Improving WordPress Search with Algolia

Instant search results on the letters "AERO"
The WordPress search function works pretty well, but everything can be improved.

WordPress comes with search functionality bundled into its core software. For many sites, this does everything you need it to do.

However, we often take on projects that need more. WordPress is increasingly used to manage the content of enterprise-class sites—sites with thousands of pages, or sites that comprise networks of related websites (think sample.edu, plus academics.sample.edu, plus admissions.sample.edu). In these cases, it’s often worth investigating external solutions, and Algolia is one of the best.

How do we do it?

UPDATE 23 March 2021: At the time we created the solution described below, there was no plugin for Algolia integration, official or otherwise. WebDevStudios, who produced the very popular Custom Post Type UI plugin, has released an Algolia plugin in the interim. However, it doesn’t really do WordPress Multisite, but consider reading on nonetheless.

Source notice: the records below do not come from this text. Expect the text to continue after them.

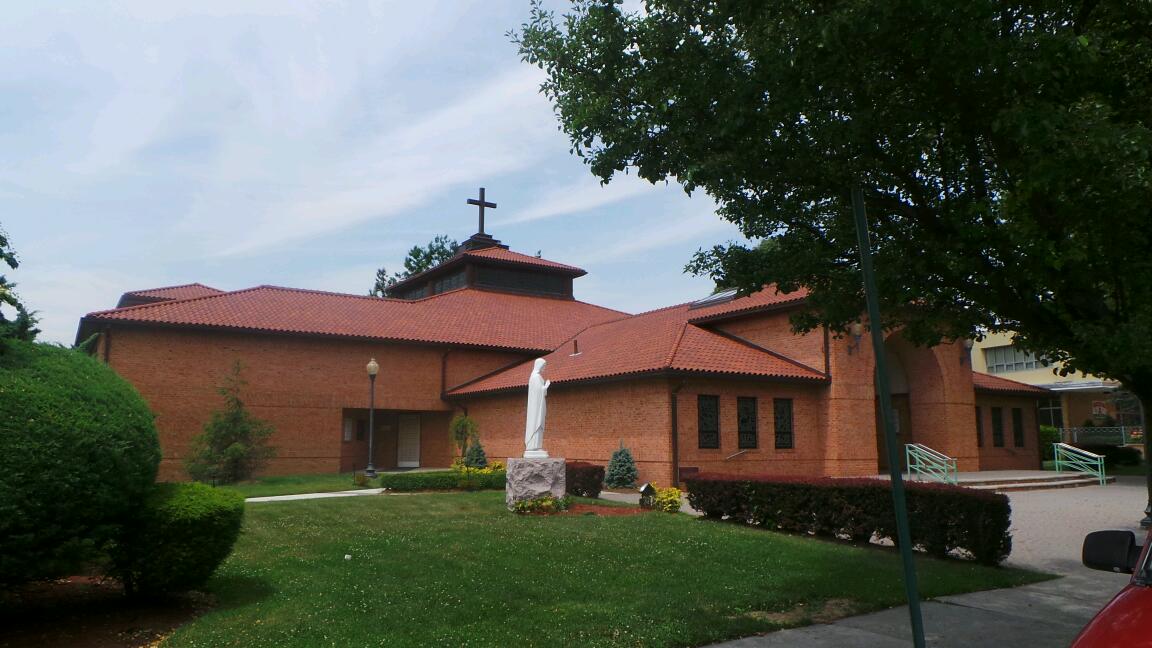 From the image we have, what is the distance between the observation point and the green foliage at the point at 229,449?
72.3ft

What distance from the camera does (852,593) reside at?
8.32 m

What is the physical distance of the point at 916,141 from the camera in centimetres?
780

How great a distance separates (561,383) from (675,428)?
4831 mm

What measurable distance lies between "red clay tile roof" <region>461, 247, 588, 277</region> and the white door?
30.4 ft

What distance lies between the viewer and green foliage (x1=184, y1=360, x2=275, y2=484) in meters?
22.0

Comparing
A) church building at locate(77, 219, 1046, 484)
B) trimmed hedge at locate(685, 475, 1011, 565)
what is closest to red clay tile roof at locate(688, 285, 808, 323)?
church building at locate(77, 219, 1046, 484)

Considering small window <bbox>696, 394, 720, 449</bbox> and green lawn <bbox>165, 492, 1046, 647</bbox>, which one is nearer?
green lawn <bbox>165, 492, 1046, 647</bbox>

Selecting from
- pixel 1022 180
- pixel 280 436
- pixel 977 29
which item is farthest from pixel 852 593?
pixel 280 436

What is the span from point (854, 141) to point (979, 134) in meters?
1.29

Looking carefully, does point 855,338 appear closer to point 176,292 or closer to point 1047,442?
point 1047,442

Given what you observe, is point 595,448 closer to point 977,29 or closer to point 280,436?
point 280,436

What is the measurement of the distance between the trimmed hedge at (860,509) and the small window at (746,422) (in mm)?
8812

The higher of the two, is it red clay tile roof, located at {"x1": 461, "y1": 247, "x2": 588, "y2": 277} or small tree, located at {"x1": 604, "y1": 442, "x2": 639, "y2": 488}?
red clay tile roof, located at {"x1": 461, "y1": 247, "x2": 588, "y2": 277}

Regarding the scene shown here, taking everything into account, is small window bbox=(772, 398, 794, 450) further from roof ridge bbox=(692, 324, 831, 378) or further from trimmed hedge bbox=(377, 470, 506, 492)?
trimmed hedge bbox=(377, 470, 506, 492) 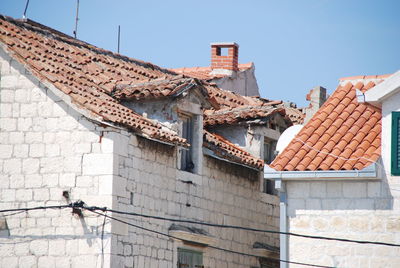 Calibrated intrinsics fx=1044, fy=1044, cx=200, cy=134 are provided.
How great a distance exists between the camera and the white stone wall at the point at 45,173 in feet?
61.2

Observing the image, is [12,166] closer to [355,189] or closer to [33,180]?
[33,180]

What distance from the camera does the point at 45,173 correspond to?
19156mm

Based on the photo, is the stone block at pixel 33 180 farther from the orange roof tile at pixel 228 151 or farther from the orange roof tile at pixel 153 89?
the orange roof tile at pixel 228 151

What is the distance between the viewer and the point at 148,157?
65.6 feet

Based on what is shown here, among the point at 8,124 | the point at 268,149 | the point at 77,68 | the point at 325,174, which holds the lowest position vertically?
the point at 325,174

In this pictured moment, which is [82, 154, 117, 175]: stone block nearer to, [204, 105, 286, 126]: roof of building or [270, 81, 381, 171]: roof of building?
[270, 81, 381, 171]: roof of building

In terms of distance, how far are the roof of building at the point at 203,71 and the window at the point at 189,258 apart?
960 centimetres

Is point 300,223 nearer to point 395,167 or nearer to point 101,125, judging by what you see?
point 395,167

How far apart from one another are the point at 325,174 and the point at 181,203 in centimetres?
396

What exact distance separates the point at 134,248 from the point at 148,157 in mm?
1818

Algolia doesn’t provide a WordPress plugin, but the API is well documented, and they do provide a WordPress integration QuickStart. From a development standpoint, creating your own integration is mostly a matter of rolling up your sleeves and getting your hands into some code.

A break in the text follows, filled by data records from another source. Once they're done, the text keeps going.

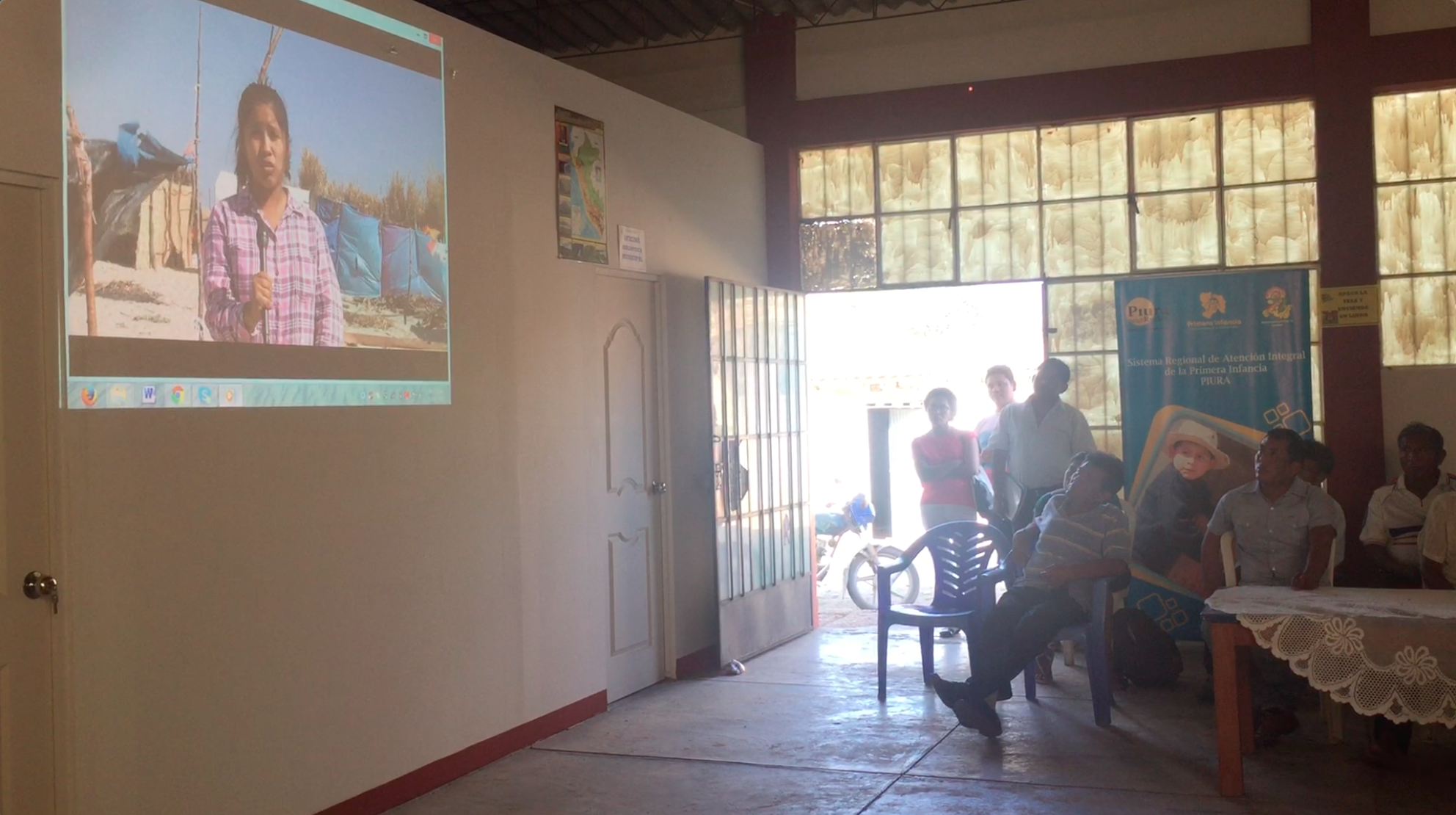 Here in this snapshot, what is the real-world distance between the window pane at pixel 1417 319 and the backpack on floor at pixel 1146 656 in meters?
2.26

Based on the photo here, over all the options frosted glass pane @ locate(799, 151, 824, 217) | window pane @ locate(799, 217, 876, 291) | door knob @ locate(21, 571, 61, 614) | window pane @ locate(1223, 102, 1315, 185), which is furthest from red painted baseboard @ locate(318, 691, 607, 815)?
window pane @ locate(1223, 102, 1315, 185)

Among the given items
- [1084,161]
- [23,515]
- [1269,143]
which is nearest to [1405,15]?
[1269,143]

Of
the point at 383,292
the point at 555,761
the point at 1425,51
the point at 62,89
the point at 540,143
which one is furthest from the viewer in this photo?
the point at 1425,51

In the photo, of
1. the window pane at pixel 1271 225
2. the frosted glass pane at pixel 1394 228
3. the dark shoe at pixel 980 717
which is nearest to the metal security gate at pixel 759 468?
the dark shoe at pixel 980 717

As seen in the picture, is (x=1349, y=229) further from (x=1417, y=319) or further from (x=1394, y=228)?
(x=1417, y=319)

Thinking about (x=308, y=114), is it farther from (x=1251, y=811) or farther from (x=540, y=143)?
(x=1251, y=811)

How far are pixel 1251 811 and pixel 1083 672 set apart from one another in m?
2.26

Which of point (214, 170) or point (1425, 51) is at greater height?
point (1425, 51)

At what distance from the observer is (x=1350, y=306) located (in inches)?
268

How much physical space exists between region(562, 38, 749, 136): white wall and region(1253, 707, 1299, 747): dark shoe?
4.84 meters

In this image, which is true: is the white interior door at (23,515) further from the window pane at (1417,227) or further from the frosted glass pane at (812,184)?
the window pane at (1417,227)

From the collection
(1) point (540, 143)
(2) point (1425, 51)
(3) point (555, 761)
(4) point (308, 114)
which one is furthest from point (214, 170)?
(2) point (1425, 51)

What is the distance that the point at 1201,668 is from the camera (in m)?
6.34

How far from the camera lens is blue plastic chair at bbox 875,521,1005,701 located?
5.73m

Broadly, this is how Algolia works:

  1. You index your site’s content.
  2. Algolia hosts the index.
  3. When someone performs a search on your site, they’re not really searching your WordPress database; instead, they’re searching the index, which is much, much faster.
  4. Results are returned in a custom UI.

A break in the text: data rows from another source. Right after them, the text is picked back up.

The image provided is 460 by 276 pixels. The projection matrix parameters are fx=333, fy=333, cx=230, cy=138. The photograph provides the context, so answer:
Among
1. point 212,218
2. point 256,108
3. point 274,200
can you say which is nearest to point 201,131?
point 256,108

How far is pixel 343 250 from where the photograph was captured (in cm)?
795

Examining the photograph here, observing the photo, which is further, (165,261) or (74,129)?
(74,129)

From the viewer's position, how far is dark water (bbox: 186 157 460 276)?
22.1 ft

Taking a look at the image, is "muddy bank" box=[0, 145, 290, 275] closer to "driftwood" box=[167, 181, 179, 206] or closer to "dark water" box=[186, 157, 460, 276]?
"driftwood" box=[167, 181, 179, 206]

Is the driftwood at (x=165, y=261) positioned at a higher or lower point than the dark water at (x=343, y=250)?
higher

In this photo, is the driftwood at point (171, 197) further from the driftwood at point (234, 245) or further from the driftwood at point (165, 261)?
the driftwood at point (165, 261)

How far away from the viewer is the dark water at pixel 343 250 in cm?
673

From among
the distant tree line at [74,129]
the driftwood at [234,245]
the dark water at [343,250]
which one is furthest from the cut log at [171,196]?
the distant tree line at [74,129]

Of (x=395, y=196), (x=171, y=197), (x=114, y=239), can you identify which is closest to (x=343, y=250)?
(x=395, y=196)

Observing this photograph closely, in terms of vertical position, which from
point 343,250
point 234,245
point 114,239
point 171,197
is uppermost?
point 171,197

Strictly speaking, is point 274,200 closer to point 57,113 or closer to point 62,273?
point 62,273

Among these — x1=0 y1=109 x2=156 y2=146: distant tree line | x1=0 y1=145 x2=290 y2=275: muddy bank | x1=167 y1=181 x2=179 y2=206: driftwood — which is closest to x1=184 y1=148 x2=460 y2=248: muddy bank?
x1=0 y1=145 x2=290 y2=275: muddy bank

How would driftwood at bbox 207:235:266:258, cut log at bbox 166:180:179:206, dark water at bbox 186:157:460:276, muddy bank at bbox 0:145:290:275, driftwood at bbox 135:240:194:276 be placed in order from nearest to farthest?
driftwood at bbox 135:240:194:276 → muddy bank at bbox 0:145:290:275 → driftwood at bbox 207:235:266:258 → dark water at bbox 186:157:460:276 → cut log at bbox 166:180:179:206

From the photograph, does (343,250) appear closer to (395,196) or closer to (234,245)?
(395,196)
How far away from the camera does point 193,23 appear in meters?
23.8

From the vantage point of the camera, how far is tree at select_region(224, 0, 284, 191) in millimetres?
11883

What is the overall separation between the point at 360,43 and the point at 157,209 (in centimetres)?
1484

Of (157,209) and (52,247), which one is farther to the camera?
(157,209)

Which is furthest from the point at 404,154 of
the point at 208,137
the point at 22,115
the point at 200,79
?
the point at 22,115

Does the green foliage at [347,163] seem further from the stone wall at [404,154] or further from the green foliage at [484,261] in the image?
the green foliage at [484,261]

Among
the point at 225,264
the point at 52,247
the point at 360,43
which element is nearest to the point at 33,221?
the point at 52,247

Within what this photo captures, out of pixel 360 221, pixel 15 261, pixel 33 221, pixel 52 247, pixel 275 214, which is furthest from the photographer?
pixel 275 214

Indexing is where things get tricky, though the documentation provides a good starting point. This is the beginning of the PHP function that indexes content on the site:

public function reindex_post($args, $assoc_args) {
  global $algolia;
  $index = $algolia->initIndex('index_name');

  $index->clearObjects()->wait();

  $paged = 1;
  $count = 0;

  do {
    $posts = new WP_Query([
        'posts_per_page' => 100,
        'paged' => $paged,
        'post_type' => 'post'
    ]);
[...]

First, we needed to wrap that “do/while” loop in a function that would spool through all the sites in our network. Luckily, there were only six:

$blog_ids = [1, 4, 5, 6, 7, 8];
foreach( $blog_ids as $blog_id ){
  switch_to_blog( $blog_id );
[...]

Then we had a few custom post types, which needed to be added into the WP_Query:

$posts = new WP_Query([
  'posts_per_page' => 100,
  'paged' => $paged,
  'post_type' => array('page','post','profile','event'),
]);

Moving on: Algolia is optimized to allow rapid searching of concise bits of metadata, which is why it’s an excellent e-commerce solution. Because we were indexing all the content from all the pages and posts on all our sites, the records themselves got bigger than Algolia expects.

The API documentation provides this bit of starter code:

function algolia_post_to_record(WP_Post $post) {
  $tags = array_map(function (WP_Term $term) {
      return $term->name;
  }, wp_get_post_terms($post->ID, 'post_tag'));

  return [
  'content' => strip_tags($post->post_content),
[...]

We ended up needing to be very careful about what got pushed into that content array value. We also needed to strip out html tags more effectively and limit the size of the record. The code we developed includes this:

$content_raw = $post->post_content;
$spaceString = str_replace( '<', ' <',$content_raw );
$doubleSpace = strip_tags( $spaceString );
$content10k = substr($doubleSpace,9999);
$content = str_replace( '  ', ' ', $content10k );

Finally, the API as described requires the user to access the web server in a terminal and execute WP CLI (WordPress Command Line Interface) functions, which is … not great. We’ve come this far to provide a better user experience for our site’s visitors. Surely we can spend five minutes making the UX better for the site’s managers, too.

Screenshot of the WordPress backend of this site. Highlighting a button that the user can click to rebuild the search index.

Much better. Now we have a blazing-fast search that supports WordPress multisite and custom post types—and can be managed by someone without a technical background.